What is required: Reproduce each line of the following material exactly, omitting the images.

Source data:
□ □ □ □ □
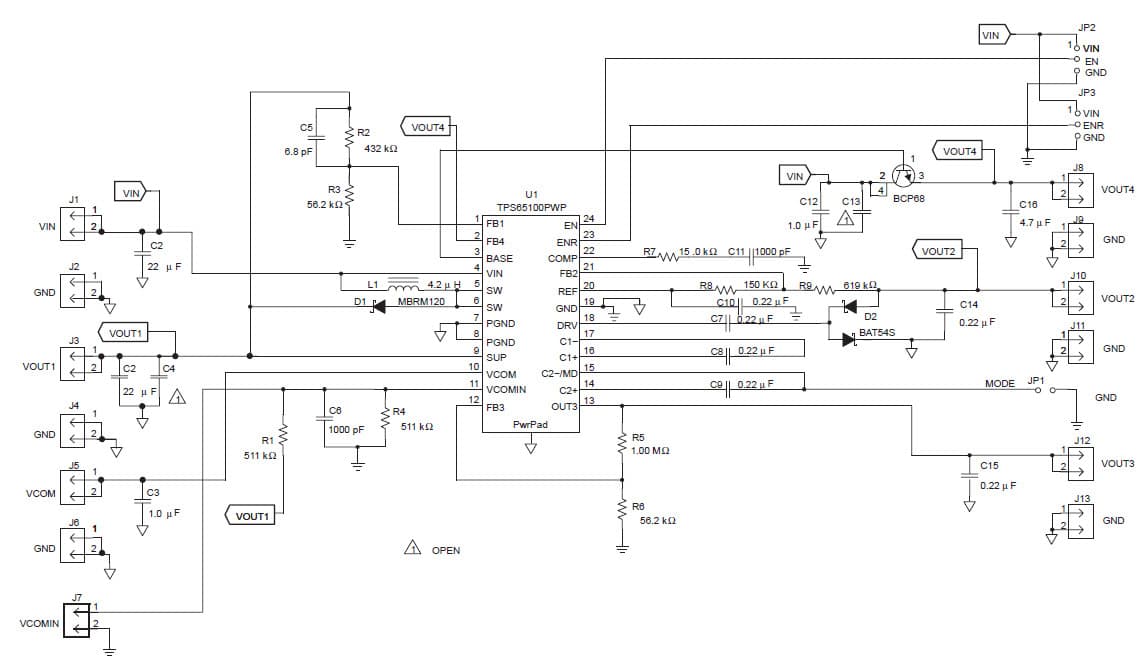 TPS65100EVM-030, Evaluation Kit for the TPS65100 multi-channel power supply for TFT LCD displays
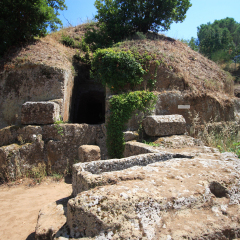 cerveteri ancient Etruscan town cemetery burial mounds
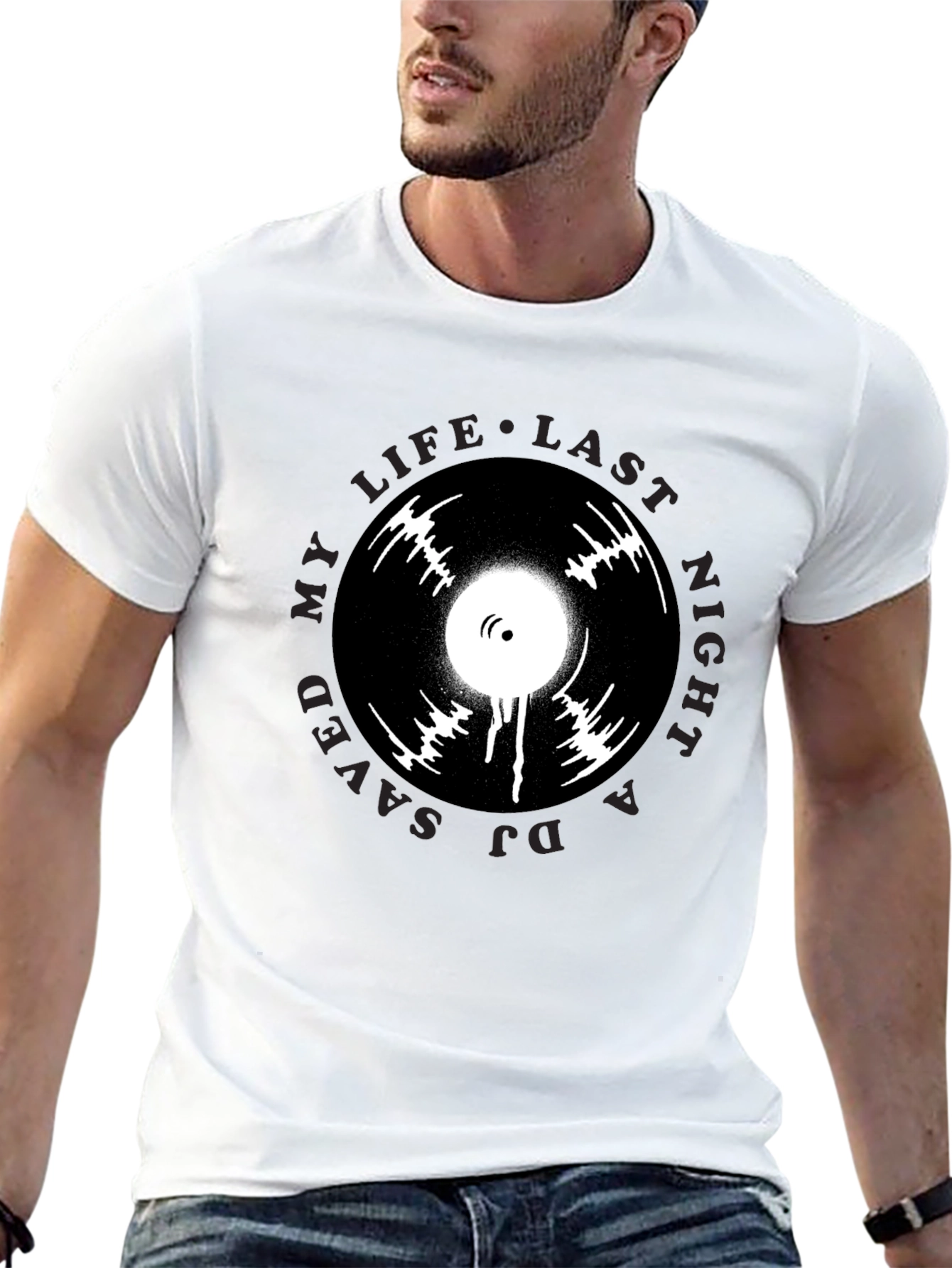 DJ Saved My Life T-Shirt Black Vinyl Graphic Tee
□ □ □ □ □
Task solution:
 TPS65100EVM-030, Evaluation Kit for the TPS65100 multi-channel power supply for TFT LCD displays
 cerveteri ancient Etruscan town cemetery burial mounds
 DJ Saved My Life T-Shirt Black Vinyl Graphic Tee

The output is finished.